A large part of Watson's article hinges on remarks made by Mr. Geiger as part of the CNC documentary on the Franklin find. As the lead historical consultant for the Canadian, UK, and US versions of this program, I've reviewed scripts and checked historical facts for all three, and so am very closely aware of the many slight differences between each version. The directors, using the same available "elements" -- video sources that, added together, would fill many times the length of the program -- made a variety of different choices. The moments that Watson points to, when John Geiger uses collective pronouns, such as 'we,' and 'our efforts,' and contrasting 2014 with previous years, are moments in which he's referring to the whole history of the modern Franklin search. Here are his exact words, from the final production script of the upcoming NOVA version of the documentary, which will air in the U.S. on September 23rd:
This is a great moment for exploration. We’ve been searching for, you know, a hundred and sixty years for answers to what happened to the Franklin expedition, the best equipped, most finely prepared and trained expedition that had ever set out for the Northwest Passage — and to have it literally obliterated, end in mass disaster, no survivors and no ships. It's just … it's been a confounding mystery.
Clearly, the "us" of this "we" is us -- all the people, Canadian and American and British, Inuit and non-Inuit, who have been a part of the long search, whether as researchers in libraries, writers/scholars, or people walking the ground or probing Arctic waters.
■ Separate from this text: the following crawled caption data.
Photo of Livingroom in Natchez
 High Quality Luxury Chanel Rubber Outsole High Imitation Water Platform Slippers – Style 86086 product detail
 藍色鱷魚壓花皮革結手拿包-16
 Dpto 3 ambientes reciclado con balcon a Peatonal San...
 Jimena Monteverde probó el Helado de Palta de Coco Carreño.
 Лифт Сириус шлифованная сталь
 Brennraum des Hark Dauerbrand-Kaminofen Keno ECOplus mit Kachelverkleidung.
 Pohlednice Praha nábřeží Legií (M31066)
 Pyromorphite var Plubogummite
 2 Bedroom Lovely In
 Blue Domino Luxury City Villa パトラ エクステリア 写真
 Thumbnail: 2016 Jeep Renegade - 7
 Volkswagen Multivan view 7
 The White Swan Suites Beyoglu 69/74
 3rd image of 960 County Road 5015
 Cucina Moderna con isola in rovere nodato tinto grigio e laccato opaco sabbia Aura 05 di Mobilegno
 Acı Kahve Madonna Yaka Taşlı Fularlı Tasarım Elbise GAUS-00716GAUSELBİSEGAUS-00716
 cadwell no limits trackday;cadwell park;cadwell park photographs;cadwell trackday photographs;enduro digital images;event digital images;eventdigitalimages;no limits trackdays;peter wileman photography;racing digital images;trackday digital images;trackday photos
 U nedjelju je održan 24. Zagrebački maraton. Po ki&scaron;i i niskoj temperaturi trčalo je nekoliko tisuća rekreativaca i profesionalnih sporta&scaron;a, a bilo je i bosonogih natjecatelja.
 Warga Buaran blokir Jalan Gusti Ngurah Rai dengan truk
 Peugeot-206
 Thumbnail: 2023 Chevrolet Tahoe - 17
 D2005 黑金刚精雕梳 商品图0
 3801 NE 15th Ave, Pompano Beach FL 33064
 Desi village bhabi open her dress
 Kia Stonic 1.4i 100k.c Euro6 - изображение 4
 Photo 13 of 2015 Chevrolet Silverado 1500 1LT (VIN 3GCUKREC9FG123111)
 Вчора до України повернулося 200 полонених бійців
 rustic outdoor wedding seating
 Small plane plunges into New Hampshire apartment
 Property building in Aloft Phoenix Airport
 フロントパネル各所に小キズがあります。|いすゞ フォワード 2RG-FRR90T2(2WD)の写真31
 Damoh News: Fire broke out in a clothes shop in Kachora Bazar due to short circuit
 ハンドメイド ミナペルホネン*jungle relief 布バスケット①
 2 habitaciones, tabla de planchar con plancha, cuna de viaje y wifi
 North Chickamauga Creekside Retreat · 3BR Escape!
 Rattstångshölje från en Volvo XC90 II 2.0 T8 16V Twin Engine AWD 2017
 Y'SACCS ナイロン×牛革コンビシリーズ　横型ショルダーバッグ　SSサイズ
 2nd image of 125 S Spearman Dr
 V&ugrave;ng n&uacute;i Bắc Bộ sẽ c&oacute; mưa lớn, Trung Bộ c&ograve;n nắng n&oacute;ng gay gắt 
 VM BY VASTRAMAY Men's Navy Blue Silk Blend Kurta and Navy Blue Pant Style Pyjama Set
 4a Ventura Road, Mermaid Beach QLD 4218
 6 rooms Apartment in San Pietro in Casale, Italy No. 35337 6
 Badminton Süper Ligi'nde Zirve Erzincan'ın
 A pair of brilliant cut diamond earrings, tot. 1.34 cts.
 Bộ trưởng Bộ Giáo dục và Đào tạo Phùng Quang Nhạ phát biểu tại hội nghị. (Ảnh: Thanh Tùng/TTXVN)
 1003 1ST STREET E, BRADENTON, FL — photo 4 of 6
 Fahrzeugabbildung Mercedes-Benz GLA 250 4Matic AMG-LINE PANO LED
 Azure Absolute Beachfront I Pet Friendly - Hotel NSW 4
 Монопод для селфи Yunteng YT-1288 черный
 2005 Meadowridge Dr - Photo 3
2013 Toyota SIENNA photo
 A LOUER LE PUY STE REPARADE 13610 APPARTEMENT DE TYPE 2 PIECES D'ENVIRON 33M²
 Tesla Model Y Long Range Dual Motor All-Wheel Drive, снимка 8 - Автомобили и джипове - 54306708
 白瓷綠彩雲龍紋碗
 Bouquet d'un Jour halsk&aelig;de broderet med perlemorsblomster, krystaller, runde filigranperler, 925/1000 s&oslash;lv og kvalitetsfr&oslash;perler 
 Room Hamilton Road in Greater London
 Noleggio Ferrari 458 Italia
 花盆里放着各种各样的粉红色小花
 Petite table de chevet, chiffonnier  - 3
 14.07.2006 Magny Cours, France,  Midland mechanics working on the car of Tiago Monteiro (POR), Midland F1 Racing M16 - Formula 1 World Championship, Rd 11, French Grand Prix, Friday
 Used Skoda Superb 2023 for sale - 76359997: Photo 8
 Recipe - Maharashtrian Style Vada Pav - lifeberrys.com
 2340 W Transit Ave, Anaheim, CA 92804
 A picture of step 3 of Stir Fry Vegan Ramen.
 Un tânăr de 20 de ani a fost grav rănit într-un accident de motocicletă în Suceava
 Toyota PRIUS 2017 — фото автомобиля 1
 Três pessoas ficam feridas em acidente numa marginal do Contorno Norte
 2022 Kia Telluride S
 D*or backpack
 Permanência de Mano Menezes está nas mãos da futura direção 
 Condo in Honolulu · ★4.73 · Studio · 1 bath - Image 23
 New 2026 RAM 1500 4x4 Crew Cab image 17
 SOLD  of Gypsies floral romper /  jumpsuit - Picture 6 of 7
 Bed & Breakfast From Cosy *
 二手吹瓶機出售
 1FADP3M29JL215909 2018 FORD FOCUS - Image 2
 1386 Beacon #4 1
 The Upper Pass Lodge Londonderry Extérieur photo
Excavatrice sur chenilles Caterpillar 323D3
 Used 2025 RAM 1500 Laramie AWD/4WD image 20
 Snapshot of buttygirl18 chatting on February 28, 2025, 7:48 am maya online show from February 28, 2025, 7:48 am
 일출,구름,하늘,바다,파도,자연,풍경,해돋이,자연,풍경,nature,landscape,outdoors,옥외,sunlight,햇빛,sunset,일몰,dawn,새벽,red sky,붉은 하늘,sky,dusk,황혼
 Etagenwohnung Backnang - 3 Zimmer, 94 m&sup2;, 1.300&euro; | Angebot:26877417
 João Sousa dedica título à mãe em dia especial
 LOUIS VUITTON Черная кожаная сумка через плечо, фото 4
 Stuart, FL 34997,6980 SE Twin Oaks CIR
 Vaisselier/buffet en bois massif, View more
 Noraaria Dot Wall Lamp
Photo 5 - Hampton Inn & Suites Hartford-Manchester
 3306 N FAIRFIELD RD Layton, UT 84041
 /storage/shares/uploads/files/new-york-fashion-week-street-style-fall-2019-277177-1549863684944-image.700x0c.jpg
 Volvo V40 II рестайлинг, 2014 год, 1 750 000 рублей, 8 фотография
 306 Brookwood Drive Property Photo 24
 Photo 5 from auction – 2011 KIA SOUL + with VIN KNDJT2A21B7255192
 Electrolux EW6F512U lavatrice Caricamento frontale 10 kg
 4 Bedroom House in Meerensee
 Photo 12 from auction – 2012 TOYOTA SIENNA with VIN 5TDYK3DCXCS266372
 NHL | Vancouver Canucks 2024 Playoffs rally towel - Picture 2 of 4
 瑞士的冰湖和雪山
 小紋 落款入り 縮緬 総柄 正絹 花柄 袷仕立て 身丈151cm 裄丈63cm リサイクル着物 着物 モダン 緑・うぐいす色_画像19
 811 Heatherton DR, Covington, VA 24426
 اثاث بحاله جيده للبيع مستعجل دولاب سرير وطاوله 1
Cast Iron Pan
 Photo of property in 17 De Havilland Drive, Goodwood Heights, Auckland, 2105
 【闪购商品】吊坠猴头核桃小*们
A shorter version of Mr. Geiger's remarks was used in the Canadian and British versions, where their intended meaning might not be as clear -- but in any case it was never, so far as I am aware, Mr. Geiger's intent to claim any credit as the discoverer. These false criticisms, made by Mr. Balsillie (see here for my earlier blog post pointing out that his letter of complaints about the CBC documentary has no foundation in that program's actual contents) and echoed in Mr. Watson's article, are without any basis in fact. The credit has been given, from the very start and consistently going forward, to Ryan Harris, Marc-André Bernier, and their divers, and I am absolutely certain that, whichever version of the documentary one views, there couldn't possibly be any confusion about this fact.

I agree with Madeline Ashby's op-ed piece in the Citizen -- it indeed matters who discovered the ship! -- but Mr. Geiger has never made any claim of having done so. While we are at it, though, the Parks Canada divers themselves have often acknowledged the importance of earlier work to their find -- to Inuit testimony, both still living in the person of Louie Kamookak, and that collected and analyzed from the historical record by David C. Woodman, and to all the searches and researches, adding up to nearly fifty searches between 1926 and 2008. As with all great discoveries, it's the ultimate result of the efforts of many. Among whom I would certainly include Mr. Geiger, whose book Frozen in Time, co-written with Owen Beattie is quite often the first volume that has caused a Franklin searcher-to-be to develop a deep and lasting fascination with the Franklin story -- and that's what fuels us all.

8 comments:

  1. Mr. Potter, while you focus on the facts, Canadians are focusing on an election. The big picture is the current government, its policies and how it manipulates.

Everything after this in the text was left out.